Korona Virüs salgınıyla mücadele kapsamında uygulanan tam kapanmalı sokağa çıkma kısıtlamasında Aksaray’da geniş güvenlik önlemleri alan ekipler kent genelinde Aksaray Valisi Hamza Aydoğdu’nun başlattığı “Devlet millet el ele, Korona Virüsle Mücadele” sloganıyla etkin bir mücadele yürütüyor. Bu çerçevede Emniyet, jandarma, İl Afet Acil Durum (AFAD), Ulusal Medikal Kurtarma (UMKE) sağlık ekipleri gibi tüm kurum ve kuruluşların ekipleri kent genelinde denetimler yaparak Aksaray halkını bilgilendiriyor. AFAD ekipleri de araç ile sokak sokak cadde cadde gezerek hem denetim hem de bilgilendirme yaparken, babasıyla evlerinin önünde bulunan parktaki salıncakta sallanan Down Sendromu küçük Burak yapılan anonslardan korkarak tedirginlik yaşadı. Özel çocuğun yaşadığı tedirginliği sosyal medya üzerinden gören Aksaray Valisi Hamza Aydoğdu hemen harekete geçerek AFAD Müdürü Cezmi Türkmen, Milli Eğitim Müdürü Hacı Ömer Kartal, İl Özel İdaresi Genel Sekreteri Yüksel Çelik ve ekiplerle birlikte özel çocuk Burak’a özel bir sürpriz ziyaret yaptı. Burak’ı evinde ailesiyle birlikte ziyaret eden Vali Aydoğdu, özel çocukla yakından ilgilenerek tüm tedirginliğini alırken, ailesiyle yaptığı görüşmede yapılan çalışmalar ve alınan tedbirler hakkında bilgiler vererek yaşanan olaydan duyduğu üzüntüyü dile getirdi.

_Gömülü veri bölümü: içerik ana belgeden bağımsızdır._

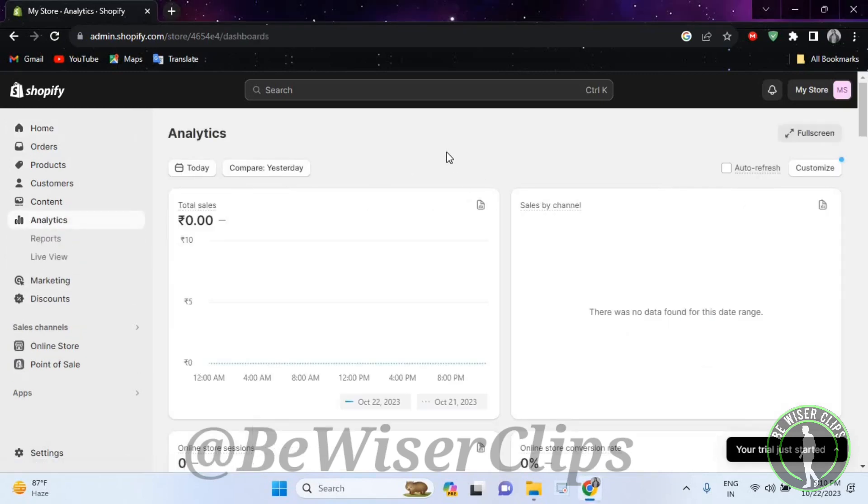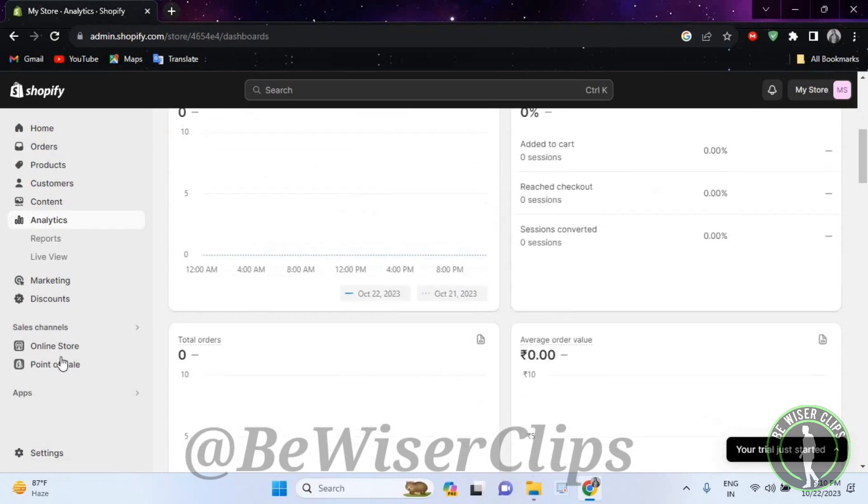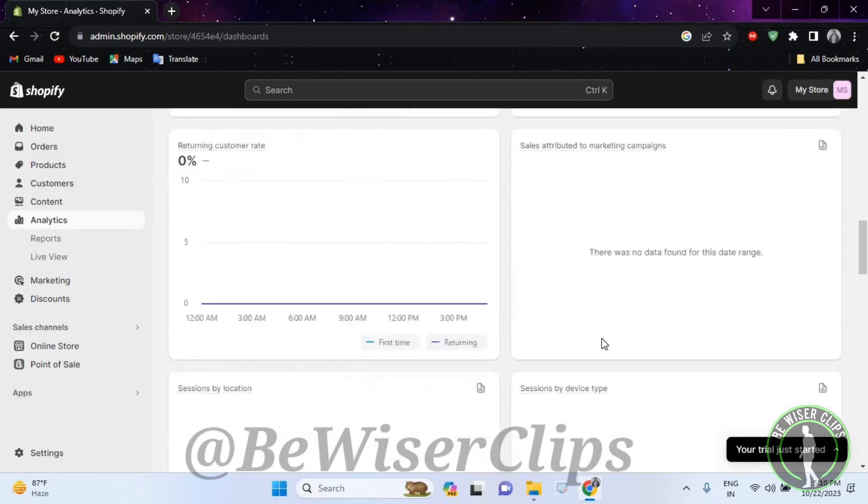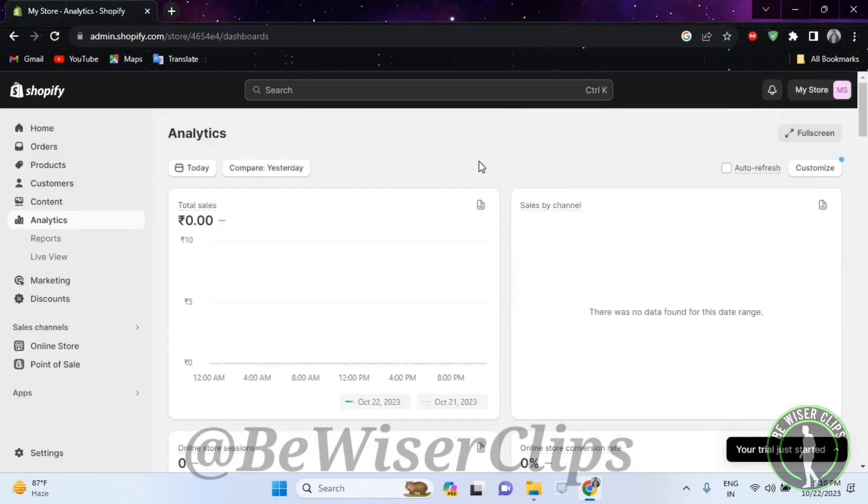And right here guys, you can keep up with your analytics by seeing the total sales, sales by channel and total orders, average order value and many more things like this. That's it for the video guys.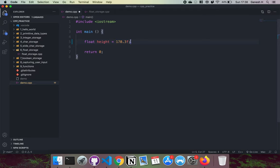Finally we have this equals 170.3f part, and what this does is it converts 170.3 into an IEEE 754 binary representation of this float and then it stores that into the memory.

“Tek gayemiz el birliği ile en az hasarla bu günleri geride bırakmak”
Burada bir açıklama yapan Vali Aydoğdu, “Bir yılı aşkındır salgınla mücadele ediyoruz. Her şeyden, en çok da sevdiklerimizden mahrum kaldık. Şimdi de evlere kapandık, bütün dünya zor günlerden geçiyor. Bir de orucun verdiği yorgunluk olunca stres katsayıları istemeden de olsa artabiliyor. Sağlık ekiplerimiz başta olmak üzere güvenlik, AFAD ve tüm birimlerimizle her türlü fedakarlığı vererek sahadayız. Ailelerimizi bile ihmal ettiğimiz olabiliyor. Hepimizin tek gayesi var. En az hasarla ve el birliği ile bu günleri geride bırakmak. Zaman zaman istemeden de olsa kırgınlıklar, dargınlıklar olabiliyor. Sonuçta Şehri-i Süleha’nın sakinleriyiz. ‘İnsanlık hali’ diyebilmeliyiz. Biz birlikte kocaman bir aileyiz. Düşmüş olan kan şekerimizi baklava ile yükselttik. Ama daha tatlısı Burak’a sarılmak bütün yorgunluğumuzu aldı. Ayrıca konuşabilmek, anlayabilmek, erdemli olmanın binlerce yolu var. Bir tanesini de Burak evladımızın vesilesi ile yapmış olduk. ‘Kusura bakmayın, siz de haklısınız’ diyebilmek ne güzel şey” dedi.